In some ways, exclusive pumping can feel like the worst of both worlds – not only do you need to pump milk and deal with breast issues like clogged ducts and mastitis, like a nursing mother, but you also have to wash pump parts and bottles, like a formula-feeding mother. And you have to constantly pump breast milk while also trying to take care of your baby.
Still, there are benefits to exclusive pumping! If you find yourself exclusively pumping because your baby wouldn’t latch, had trouble transferring milk, or for another reason, here are six ways that exclusive pumping is easier than nursing.
1. You always know how much your baby is eating.
One of the things that can be frustrating for nursing mothers is when your baby nurses for an hour and then is hungry again 15 minutes later. You’re left wondering – is my supply too low? Is he not latching correctly? Or is he going through a growth spurt and just really hungry?
When you’re nursing, the only way to tell for sure how much milk your baby is getting is by weighing him before and after a feeding. This requires a special baby scale, as well as enough luck to ensure your baby doesn’t poop while you’re feeding him.
When you’re exclusively pumping, you can always see what your baby is getting. This can be really helpful if your baby was premature or if you have concerns about your baby gaining enough weight.
2. Nursing a newborn can be painful; pumping usually isn’t.
Breastfeeding can sometimes hurt during the first month or so, when you and your baby are still learning how to latch and before your nipples are used to nursing.
Pumping usually is not painful, assuming that you have the right size breast shields and are setting your pump to the correct speed. Sometimes, exclusive pumpers start pumping in order to avoid pain from nursing, though it usually does get much better after a few weeks, especially once the latch gets figured out.
3. Breast pumps don’t bite!
Having a baby without teeth clamp down on your nipple is unpleasant. A baby with a brand new tooth biting you can be very painful.
Fortunately, breast pumps don’t have any teeth! It’s not unusual for nursing mothers to become exclusive pumpers if biting becomes an issue and the usual strategies don’t seem to work.
4. You know right away when your milk supply starts to drop.
When you’re nursing, you never really know how much milk you’re making – and therefore you don’t know when your milk supply starts to drop. (For example, sometimes you get a drop in supply when you have your period). You might have a clue that something is going on if your baby still seems hungry – but even then, you don’t whether it’s him (having a growth spurt) or you (losing supply).
If you track your output, you’ll know right away that your supply is going down. Then, you can take action, like adding an extra pumping session or drinking nursing tea to bring it up quickly.
5. It’s easier to control the weaning process.

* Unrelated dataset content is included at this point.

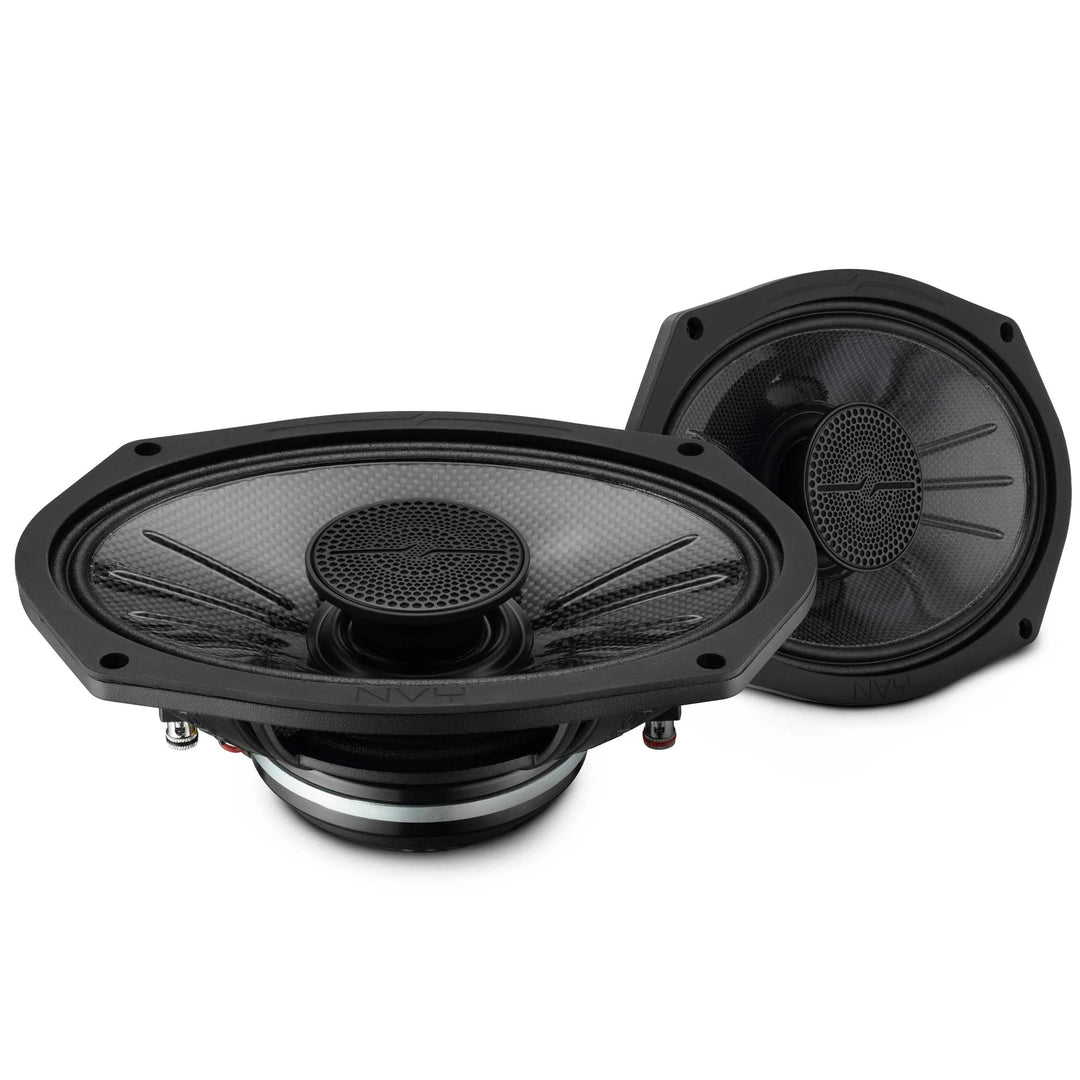 DS18 NVY-69HDCFSL 6x9” Slim Hybrid Coaxial Loudspeakers - 250 Watts Rms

The two kids that I nursed loved nursing and had zero interest in stopping when I was ready to be done at 18 months. In both cases, I ended up going ahead and weaning due a trip I needed to take, and I felt really guilty for stopping before they were ready.
Breast pumps tend not to have the same sort of attachment to the breastfeeding relationship, so once you introduce a new milk to your baby or toddler (whether it’s formula, cow’s milk, or an alternative like almond or goat’s milk), you can get started, and you can wean at your own pace.
6. Everyone knows that you’re a pumping rock star.
Most women dislike pumping. I’ve never actually met anyone who enjoys it. So when people hear that you’re spending two hours of your day attached to a breast pump, it’s clear that you love your baby, and you’re an awesome mom. Because you are!